Шрифт:
Я отпустил конвой, когда мы достигли шаттла. Дальше ломать комедию не имело смысла. Если штурмовики и были несколько удивлены моим приказом, то не подали виду. Откозыряв, они отправились восвояси, и бронированная дверь закрылась. Ну, вот и все...
Мы взлетаем, - бросил я пилотам в переговорное устройство, снял шлем и посмотрел на своего пленника. Он по-прежнему спокойно стоял у входа, не проявляя интереса к окружающему. Конечно. Мы такие гордые и неприступные герои Альянса? Ну-ну. Я слегка коснулся Силы и наручники, освободив запястья, покорно скользнули мне в руку. И что теперь с ним делать? Чувства торжества я почему-то не испытывал. Скорее чувство усталости и тревоги. Он был ранен. Опять ранен. Это стало традицией, что он попадает ко мне раненный?

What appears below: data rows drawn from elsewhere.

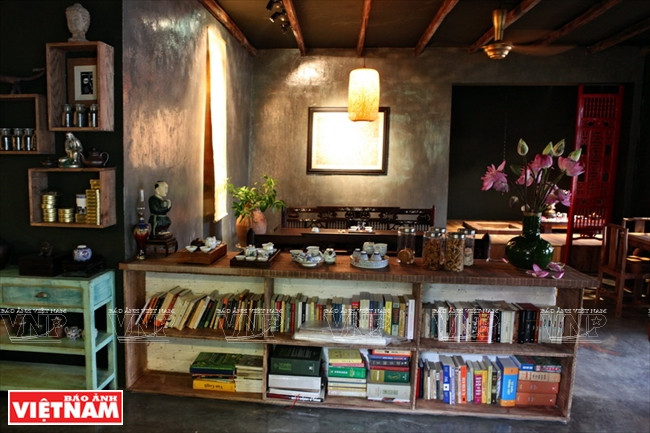 Avec un espace nostalgique, calme, la cérémonie de dégustation du thé s'est progressivement ​installé comme une nouvelle tendance chez les jeunes de la capitale.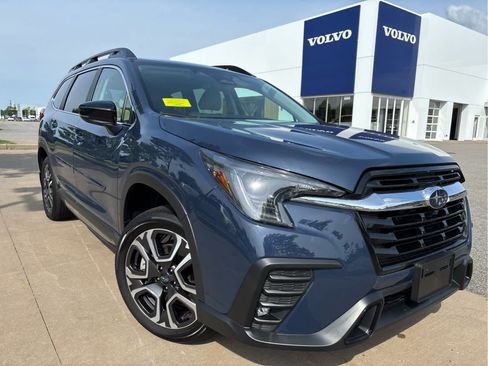 Used 2025 Subaru Ascent Limited AWD/4WD image 2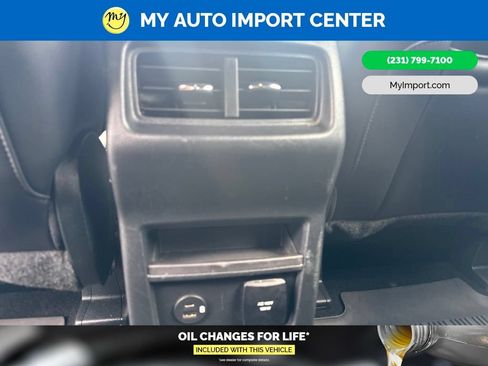 Used 2022 Ford Edge ST-Line AWD/4WD image 26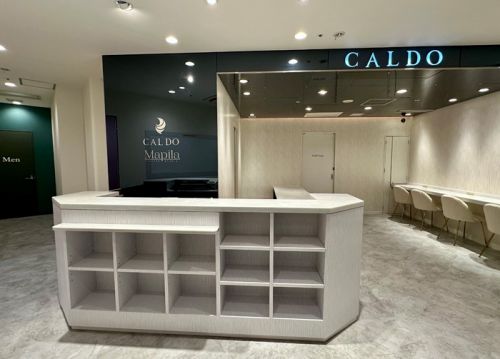 カルド新宿店の受付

Проходи в кабинет, – и, так как сын растерянно огляделся, я показал пальцем, - Туда.
Сын с опаской, но с видимостью равнодушия, постарался пройти в указанном направлении как можно дальше от меня, хотя в тесном пространстве шаттла это было затруднительно. Чего он боится? Не понимаю.
Что у тебя с рукой?
Мальчик смутился и попытался убрать пострадавшую руку за спину.
Пустяки.
Вот и хорошо, что пустяки. Давай я посмотрю, – я старался говорить спокойно, но ребенок продолжал прятать руку за спиной. Я определенно не знал, как поступать в подобной ситуации.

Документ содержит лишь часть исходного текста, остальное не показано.